▶ **Given records**
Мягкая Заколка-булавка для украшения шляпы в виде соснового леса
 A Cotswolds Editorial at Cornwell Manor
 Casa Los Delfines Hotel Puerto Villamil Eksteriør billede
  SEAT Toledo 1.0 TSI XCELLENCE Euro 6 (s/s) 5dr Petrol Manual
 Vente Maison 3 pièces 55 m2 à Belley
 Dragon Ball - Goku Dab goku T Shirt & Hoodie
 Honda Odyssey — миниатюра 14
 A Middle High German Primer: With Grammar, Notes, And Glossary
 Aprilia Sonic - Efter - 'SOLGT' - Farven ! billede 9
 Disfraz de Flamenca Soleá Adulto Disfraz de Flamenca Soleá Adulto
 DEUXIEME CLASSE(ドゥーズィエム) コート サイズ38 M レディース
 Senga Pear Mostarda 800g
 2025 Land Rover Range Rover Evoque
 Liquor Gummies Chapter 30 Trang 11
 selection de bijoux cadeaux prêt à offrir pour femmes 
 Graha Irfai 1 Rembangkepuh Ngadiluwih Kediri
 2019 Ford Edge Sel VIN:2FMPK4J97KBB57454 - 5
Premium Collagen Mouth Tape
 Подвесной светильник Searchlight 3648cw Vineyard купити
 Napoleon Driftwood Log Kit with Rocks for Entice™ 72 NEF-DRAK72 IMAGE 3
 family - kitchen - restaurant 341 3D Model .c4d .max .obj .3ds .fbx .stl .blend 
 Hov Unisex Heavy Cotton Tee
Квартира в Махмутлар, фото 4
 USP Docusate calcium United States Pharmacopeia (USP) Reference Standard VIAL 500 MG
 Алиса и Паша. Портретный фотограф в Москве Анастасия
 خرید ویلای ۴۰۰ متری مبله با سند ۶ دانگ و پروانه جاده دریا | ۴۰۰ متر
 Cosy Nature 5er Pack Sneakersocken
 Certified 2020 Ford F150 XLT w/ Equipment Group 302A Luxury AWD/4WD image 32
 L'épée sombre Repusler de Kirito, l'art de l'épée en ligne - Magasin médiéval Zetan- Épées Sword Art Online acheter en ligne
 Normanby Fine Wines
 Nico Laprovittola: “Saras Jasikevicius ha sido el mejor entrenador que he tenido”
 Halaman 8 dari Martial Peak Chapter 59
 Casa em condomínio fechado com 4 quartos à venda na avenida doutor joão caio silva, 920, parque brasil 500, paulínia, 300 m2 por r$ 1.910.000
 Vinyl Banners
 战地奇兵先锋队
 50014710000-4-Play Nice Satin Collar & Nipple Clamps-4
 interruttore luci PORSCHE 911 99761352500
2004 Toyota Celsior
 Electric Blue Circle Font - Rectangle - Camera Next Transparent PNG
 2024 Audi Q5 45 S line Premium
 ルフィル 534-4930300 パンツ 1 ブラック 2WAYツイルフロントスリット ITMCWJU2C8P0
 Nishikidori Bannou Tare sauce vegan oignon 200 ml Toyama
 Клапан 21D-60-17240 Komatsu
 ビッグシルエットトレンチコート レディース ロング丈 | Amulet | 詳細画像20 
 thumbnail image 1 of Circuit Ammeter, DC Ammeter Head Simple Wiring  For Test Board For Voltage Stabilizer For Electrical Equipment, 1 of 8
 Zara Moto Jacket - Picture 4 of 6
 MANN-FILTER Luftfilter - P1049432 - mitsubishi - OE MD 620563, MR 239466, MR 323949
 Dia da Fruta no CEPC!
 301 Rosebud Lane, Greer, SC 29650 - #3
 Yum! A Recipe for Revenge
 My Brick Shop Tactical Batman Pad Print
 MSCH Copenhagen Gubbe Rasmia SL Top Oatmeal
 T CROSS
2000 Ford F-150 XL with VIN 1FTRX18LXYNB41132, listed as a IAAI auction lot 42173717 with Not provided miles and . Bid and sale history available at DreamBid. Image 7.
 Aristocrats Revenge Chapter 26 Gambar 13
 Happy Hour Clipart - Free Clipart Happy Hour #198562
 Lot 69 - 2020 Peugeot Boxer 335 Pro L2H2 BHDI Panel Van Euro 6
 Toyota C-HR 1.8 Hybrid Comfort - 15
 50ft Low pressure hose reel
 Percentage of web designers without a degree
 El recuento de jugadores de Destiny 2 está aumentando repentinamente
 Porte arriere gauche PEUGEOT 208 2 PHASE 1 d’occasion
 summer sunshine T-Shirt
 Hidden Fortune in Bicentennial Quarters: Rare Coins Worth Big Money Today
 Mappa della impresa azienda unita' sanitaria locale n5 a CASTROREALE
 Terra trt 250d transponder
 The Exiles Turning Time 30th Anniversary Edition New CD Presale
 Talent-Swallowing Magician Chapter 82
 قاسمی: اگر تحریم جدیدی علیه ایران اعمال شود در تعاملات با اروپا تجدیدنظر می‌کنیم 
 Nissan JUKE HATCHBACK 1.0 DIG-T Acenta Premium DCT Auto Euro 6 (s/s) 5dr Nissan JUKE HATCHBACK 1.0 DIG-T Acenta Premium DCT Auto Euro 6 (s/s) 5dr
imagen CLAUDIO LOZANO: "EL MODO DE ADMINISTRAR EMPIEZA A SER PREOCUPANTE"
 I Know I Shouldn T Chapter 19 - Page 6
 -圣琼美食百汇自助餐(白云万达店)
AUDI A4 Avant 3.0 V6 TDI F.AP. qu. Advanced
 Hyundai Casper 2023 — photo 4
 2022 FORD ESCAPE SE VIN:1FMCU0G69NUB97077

▶ **About this task**
The listing above is to be restated word for word.

▶ **Task solution**
Мягкая Заколка-булавка для украшения шляпы в виде соснового леса
 A Cotswolds Editorial at Cornwell Manor
 Casa Los Delfines Hotel Puerto Villamil Eksteriør billede
  SEAT Toledo 1.0 TSI XCELLENCE Euro 6 (s/s) 5dr Petrol Manual
 Vente Maison 3 pièces 55 m2 à Belley
 Dragon Ball - Goku Dab goku T Shirt & Hoodie
 Honda Odyssey — миниатюра 14
 A Middle High German Primer: With Grammar, Notes, And Glossary
 Aprilia Sonic - Efter - 'SOLGT' - Farven ! billede 9
 Disfraz de Flamenca Soleá Adulto Disfraz de Flamenca Soleá Adulto
 DEUXIEME CLASSE(ドゥーズィエム) コート サイズ38 M レディース
 Senga Pear Mostarda 800g
 2025 Land Rover Range Rover Evoque
 Liquor Gummies Chapter 30 Trang 11
 selection de bijoux cadeaux prêt à offrir pour femmes 
 Graha Irfai 1 Rembangkepuh Ngadiluwih Kediri
 2019 Ford Edge Sel VIN:2FMPK4J97KBB57454 - 5
Premium Collagen Mouth Tape
 Подвесной светильник Searchlight 3648cw Vineyard купити
 Napoleon Driftwood Log Kit with Rocks for Entice™ 72 NEF-DRAK72 IMAGE 3
 family - kitchen - restaurant 341 3D Model .c4d .max .obj .3ds .fbx .stl .blend 
 Hov Unisex Heavy Cotton Tee
Квартира в Махмутлар, фото 4
 USP Docusate calcium United States Pharmacopeia (USP) Reference Standard VIAL 500 MG
 Алиса и Паша. Портретный фотограф в Москве Анастасия
 خرید ویلای ۴۰۰ متری مبله با سند ۶ دانگ و پروانه جاده دریا | ۴۰۰ متر
 Cosy Nature 5er Pack Sneakersocken
 Certified 2020 Ford F150 XLT w/ Equipment Group 302A Luxury AWD/4WD image 32
 L'épée sombre Repusler de Kirito, l'art de l'épée en ligne - Magasin médiéval Zetan- Épées Sword Art Online acheter en ligne
 Normanby Fine Wines
 Nico Laprovittola: “Saras Jasikevicius ha sido el mejor entrenador que he tenido”
 Halaman 8 dari Martial Peak Chapter 59
 Casa em condomínio fechado com 4 quartos à venda na avenida doutor joão caio silva, 920, parque brasil 500, paulínia, 300 m2 por r$ 1.910.000
 Vinyl Banners
 战地奇兵先锋队
 50014710000-4-Play Nice Satin Collar & Nipple Clamps-4
 interruttore luci PORSCHE 911 99761352500
2004 Toyota Celsior
 Electric Blue Circle Font - Rectangle - Camera Next Transparent PNG
 2024 Audi Q5 45 S line Premium
 ルフィル 534-4930300 パンツ 1 ブラック 2WAYツイルフロントスリット ITMCWJU2C8P0
 Nishikidori Bannou Tare sauce vegan oignon 200 ml Toyama
 Клапан 21D-60-17240 Komatsu
 ビッグシルエットトレンチコート レディース ロング丈 | Amulet | 詳細画像20 
 thumbnail image 1 of Circuit Ammeter, DC Ammeter Head Simple Wiring  For Test Board For Voltage Stabilizer For Electrical Equipment, 1 of 8
 Zara Moto Jacket - Picture 4 of 6
 MANN-FILTER Luftfilter - P1049432 - mitsubishi - OE MD 620563, MR 239466, MR 323949
 Dia da Fruta no CEPC!
 301 Rosebud Lane, Greer, SC 29650 - #3
 Yum! A Recipe for Revenge
 My Brick Shop Tactical Batman Pad Print
 MSCH Copenhagen Gubbe Rasmia SL Top Oatmeal
 T CROSS
2000 Ford F-150 XL with VIN 1FTRX18LXYNB41132, listed as a IAAI auction lot 42173717 with Not provided miles and . Bid and sale history available at DreamBid. Image 7.
 Aristocrats Revenge Chapter 26 Gambar 13
 Happy Hour Clipart - Free Clipart Happy Hour #198562
 Lot 69 - 2020 Peugeot Boxer 335 Pro L2H2 BHDI Panel Van Euro 6
 Toyota C-HR 1.8 Hybrid Comfort - 15
 50ft Low pressure hose reel
 Percentage of web designers without a degree
 El recuento de jugadores de Destiny 2 está aumentando repentinamente
 Porte arriere gauche PEUGEOT 208 2 PHASE 1 d’occasion
 summer sunshine T-Shirt
 Hidden Fortune in Bicentennial Quarters: Rare Coins Worth Big Money Today
 Mappa della impresa azienda unita' sanitaria locale n5 a CASTROREALE
 Terra trt 250d transponder
 The Exiles Turning Time 30th Anniversary Edition New CD Presale
 Talent-Swallowing Magician Chapter 82
 قاسمی: اگر تحریم جدیدی علیه ایران اعمال شود در تعاملات با اروپا تجدیدنظر می‌کنیم 
 Nissan JUKE HATCHBACK 1.0 DIG-T Acenta Premium DCT Auto Euro 6 (s/s) 5dr Nissan JUKE HATCHBACK 1.0 DIG-T Acenta Premium DCT Auto Euro 6 (s/s) 5dr
imagen CLAUDIO LOZANO: "EL MODO DE ADMINISTRAR EMPIEZA A SER PREOCUPANTE"
 I Know I Shouldn T Chapter 19 - Page 6
 -圣琼美食百汇自助餐(白云万达店)
AUDI A4 Avant 3.0 V6 TDI F.AP. qu. Advanced
 Hyundai Casper 2023 — photo 4
 2022 FORD ESCAPE SE VIN:1FMCU0G69NUB97077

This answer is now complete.